╔══

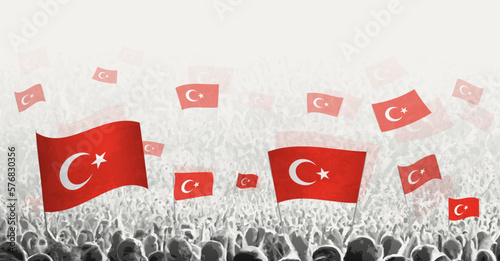Abstract crowd with flag of Turkey. Peoples protest, revolution, strike and demonstration with flag of Turkey.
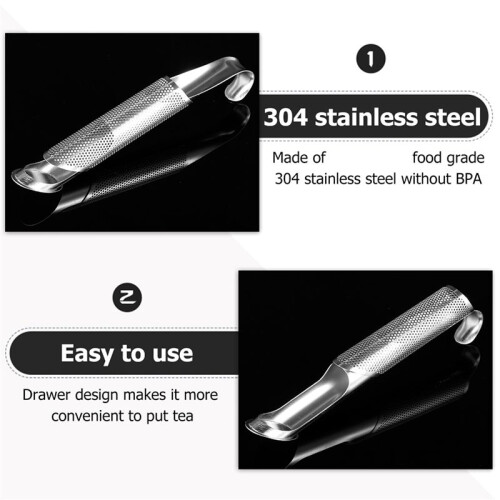 4Pcs Stainless Steel Tea Strainer Fine Mesh Infuser Pipe Filter with Hanging Hook Handle Interval Diffuser Tea Steeper 2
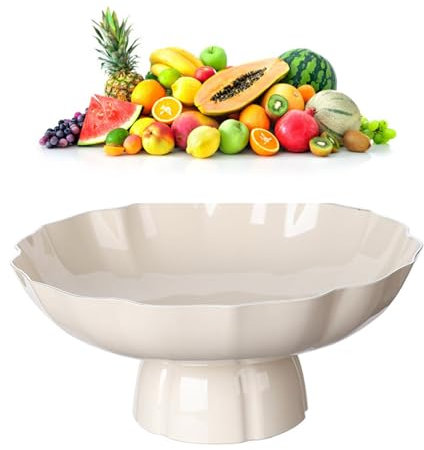 Fruit Bowl for Kitchen Counter Morden Fruit Basket Holder Decorative Fruit Stand Candy Serving Platter Bread Vegetable Storage Organizer Pedestal Bowl for Living Room(Cream Color)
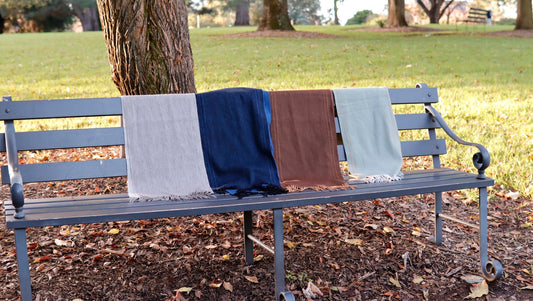 WooliWooli merino wool scarves outside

╚══

* _WHAT IS BEING ASKED_:
Word for word, write out the whole listing, keeping none of the pictures.

* _ANSWER SPACE_:
Abstract crowd with flag of Turkey. Peoples protest, revolution, strike and demonstration with flag of Turkey.
 4Pcs Stainless Steel Tea Strainer Fine Mesh Infuser Pipe Filter with Hanging Hook Handle Interval Diffuser Tea Steeper 2
 Fruit Bowl for Kitchen Counter Morden Fruit Basket Holder Decorative Fruit Stand Candy Serving Platter Bread Vegetable Storage Organizer Pedestal Bowl for Living Room(Cream Color)
 WooliWooli merino wool scarves outside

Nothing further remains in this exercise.